To actually buy a health plan or qualify for a tax rebate, consumers will need to wait for the official launch date on Oct. 1.
So far about 60 customer service agents have taken four-week training classes and are ready to guide consumers. Those numbers will increase to 187 for Oct. 1. Managers will add more agents if necessary. One group of workers will specialize in speaking Spanish. If help is needed with additional languages, workers can tap outside experts who can handle 173 different languages.
“We’ll be ready for whatever call volume we have,” said Cammie Blais, Connect for Health’s chief financial officer.
Workers will earn between $11 and $20 each per hour and the jobs — not surprisingly — come with health benefits. Connect for Health will also have some in-house insurance agents who can give more specific answers if callers want advice on which plan suits them best. Customer service agents aren’t allowed to recommend specific plans whereas licensed agents are allowed to make recommendations.
“From a customer service perspective, our goal is to be prepared for all contingencies,” said Rolando Salinas, a senior executive for Eventus Solutions Group, who helped oversee the transformation of the center form an old Honeywell call center to the 25,000-square-foot Connect for Health center. Managers liked the fact that the warehouse had windows and space for an airy break room with some outdoor seating and a view to the west of Cheyenne Mountain. Setting up the center cost about $3 million and required workers to install 25 miles of new cable in 10 days.
“And it worked,” Salinas said.
Operating the call center during the first couple of years will cost about $8 million a year.
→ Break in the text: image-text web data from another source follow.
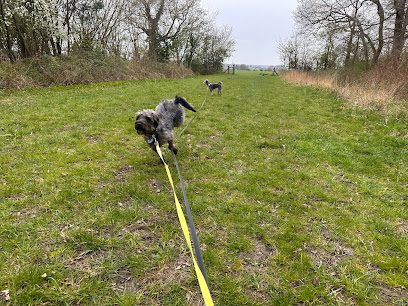 Low Farm Equestrian; Dog Paddock; Dog Training; Cattery & Kennels — secure dog field in Wellingborough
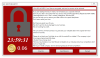 Pay it or Lose It Ransomware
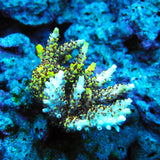 PWC Pikachu Acropora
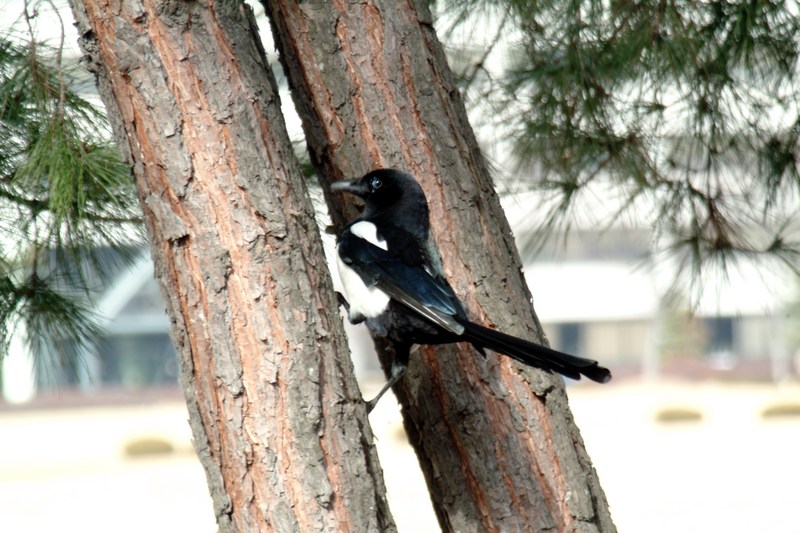 나무타는 까치 Pica pica (Black-billed Magpie); DISPLAY FULL IMAGE.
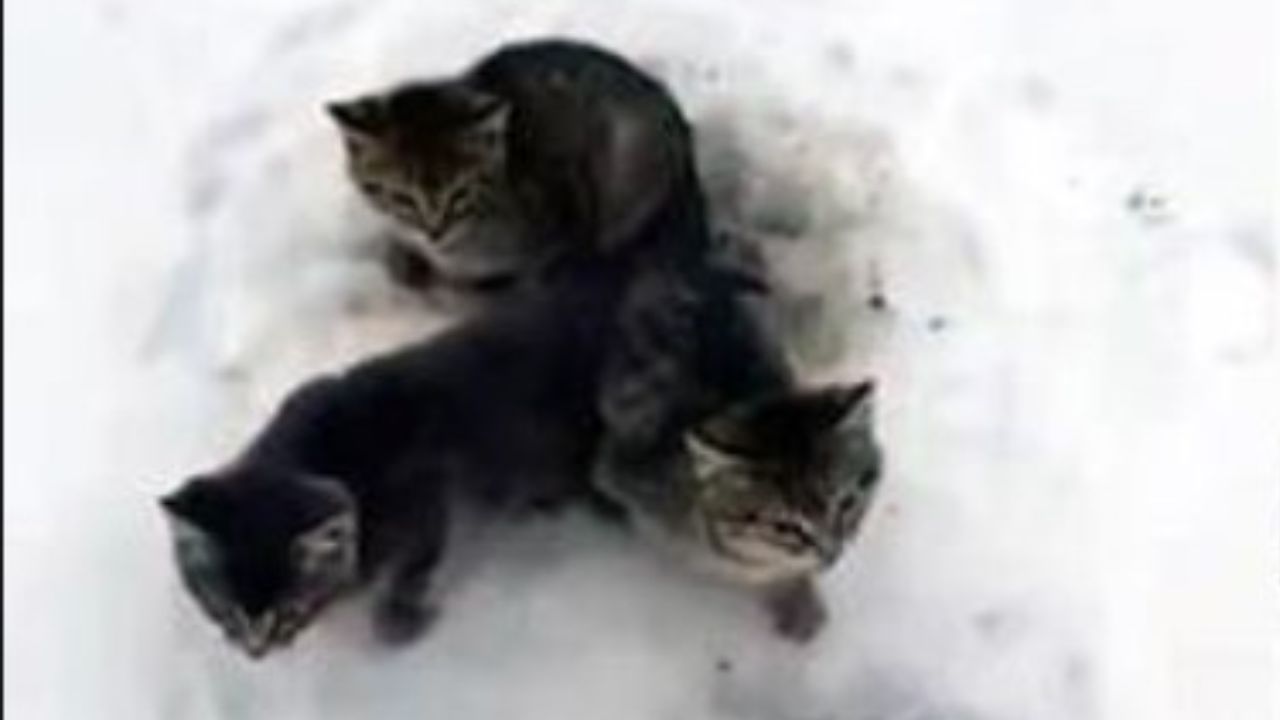 tre gatti nella neve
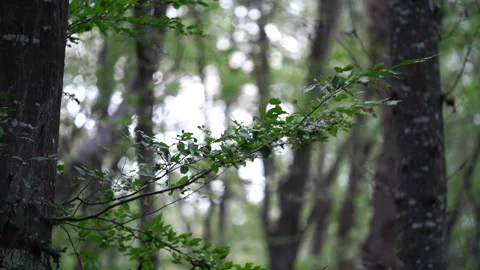 Tree Branch in the Forest 動画素材 313280225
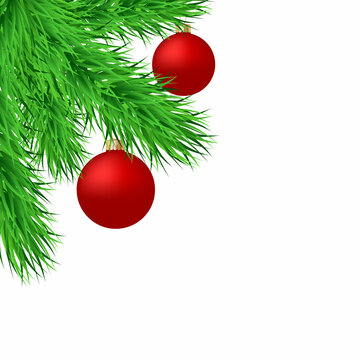 Pine branches and christmas ball isolated on white background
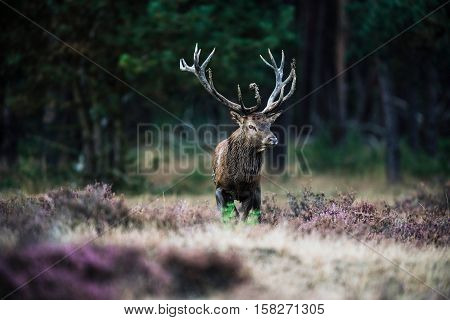 Solitary Red Deer Stag With Big Antlers Standing In Heath. National Park Hoge Veluwe.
Blais expects those costs to decrease over time.
The center sits among several warehouses but is relatively close to busy commercial areas of Colorado Springs, which makes it an attractive work place for employees, center director, Jeff Higgins said. Managers for Connect for Health asked reporters getting a tour not to disclose the specific location to keep the center secure.
The plan is that no customers will be placed on hold. Calls with basic “information seekers” are expected to take 8 to 10 minutes, but if callers want to go through the full enrollment process, calls could take more than an hour.
Creating Colorado’s health exchange has cost nearly $200 million with federal grants funding the bulk of the costs. Managers have set new relatively conservative targets of enrolling about 136,000 people in health plans in 2014 and ramping up to about 300,000 in the third year. By Jan. 1 of 2015, Connect for Health must be self-sustaining, a prospect that Blais says is possible if the exchange hits its enrollment targets.
“We should be good to continue right on into forever. With our founding legislation…we’re responding to what Colorado state (officials) asked of us — providing access to affordable insurance here in the state,” Blais said.
Added Salinas: “We’ve talked about what Obamacare means. This is that living proof that we’re doing it, that people can call and actually speak to someone and get questions answered. This is where the work takes place and that’s a big deal.”